What is required:
Below are entries. Copy exactly the lines running from the line that holds "Foto 8 von 30: Villa" to the line that holds "祇園四条駅からすぐ!京都らしい和牛ちらし「anne」", with both ends included.

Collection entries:

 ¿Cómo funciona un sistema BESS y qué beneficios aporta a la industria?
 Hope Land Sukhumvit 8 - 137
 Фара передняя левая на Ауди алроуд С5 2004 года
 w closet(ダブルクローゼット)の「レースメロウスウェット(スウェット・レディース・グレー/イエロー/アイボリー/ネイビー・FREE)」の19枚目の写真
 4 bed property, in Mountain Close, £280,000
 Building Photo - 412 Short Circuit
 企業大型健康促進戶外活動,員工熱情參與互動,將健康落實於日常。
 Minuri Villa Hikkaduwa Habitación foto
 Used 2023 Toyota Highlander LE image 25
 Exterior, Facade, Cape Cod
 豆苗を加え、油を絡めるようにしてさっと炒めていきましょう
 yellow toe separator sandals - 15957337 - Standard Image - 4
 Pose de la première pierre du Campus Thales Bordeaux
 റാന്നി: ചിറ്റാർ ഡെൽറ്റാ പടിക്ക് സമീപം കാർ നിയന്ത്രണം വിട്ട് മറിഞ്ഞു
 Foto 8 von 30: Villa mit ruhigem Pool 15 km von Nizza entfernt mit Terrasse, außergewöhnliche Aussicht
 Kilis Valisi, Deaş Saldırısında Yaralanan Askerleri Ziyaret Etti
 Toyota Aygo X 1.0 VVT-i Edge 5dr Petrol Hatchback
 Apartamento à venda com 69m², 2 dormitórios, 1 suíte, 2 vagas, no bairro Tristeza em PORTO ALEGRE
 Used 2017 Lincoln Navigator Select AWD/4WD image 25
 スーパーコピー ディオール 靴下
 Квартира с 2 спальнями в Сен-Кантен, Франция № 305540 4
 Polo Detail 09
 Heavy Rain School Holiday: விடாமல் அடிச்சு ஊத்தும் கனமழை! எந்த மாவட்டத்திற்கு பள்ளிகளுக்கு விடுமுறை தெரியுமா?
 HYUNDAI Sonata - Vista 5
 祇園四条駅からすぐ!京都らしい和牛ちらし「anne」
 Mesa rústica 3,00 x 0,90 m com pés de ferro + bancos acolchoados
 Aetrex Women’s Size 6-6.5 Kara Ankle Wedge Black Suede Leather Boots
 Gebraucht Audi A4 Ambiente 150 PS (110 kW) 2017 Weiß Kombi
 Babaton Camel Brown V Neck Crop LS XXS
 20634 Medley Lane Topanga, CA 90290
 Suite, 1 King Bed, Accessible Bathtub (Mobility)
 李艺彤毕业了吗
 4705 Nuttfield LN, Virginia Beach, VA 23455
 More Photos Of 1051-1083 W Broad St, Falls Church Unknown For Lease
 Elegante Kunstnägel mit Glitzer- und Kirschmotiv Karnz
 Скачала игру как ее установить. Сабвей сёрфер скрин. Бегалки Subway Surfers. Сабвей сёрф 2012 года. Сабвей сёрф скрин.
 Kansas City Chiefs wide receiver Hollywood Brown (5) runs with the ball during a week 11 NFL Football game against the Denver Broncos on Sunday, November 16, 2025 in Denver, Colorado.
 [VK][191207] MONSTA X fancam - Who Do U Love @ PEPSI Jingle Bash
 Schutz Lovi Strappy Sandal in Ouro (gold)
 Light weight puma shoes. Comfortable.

Result:
 Foto 8 von 30: Villa mit ruhigem Pool 15 km von Nizza entfernt mit Terrasse, außergewöhnliche Aussicht
 Kilis Valisi, Deaş Saldırısında Yaralanan Askerleri Ziyaret Etti
 Toyota Aygo X 1.0 VVT-i Edge 5dr Petrol Hatchback
 Apartamento à venda com 69m², 2 dormitórios, 1 suíte, 2 vagas, no bairro Tristeza em PORTO ALEGRE
 Used 2017 Lincoln Navigator Select AWD/4WD image 25
 スーパーコピー ディオール 靴下
 Квартира с 2 спальнями в Сен-Кантен, Франция № 305540 4
 Polo Detail 09
 Heavy Rain School Holiday: விடாமல் அடிச்சு ஊத்தும் கனமழை! எந்த மாவட்டத்திற்கு பள்ளிகளுக்கு விடுமுறை தெரியுமா?
 HYUNDAI Sonata - Vista 5
 祇園四条駅からすぐ!京都らしい和牛ちらし「anne」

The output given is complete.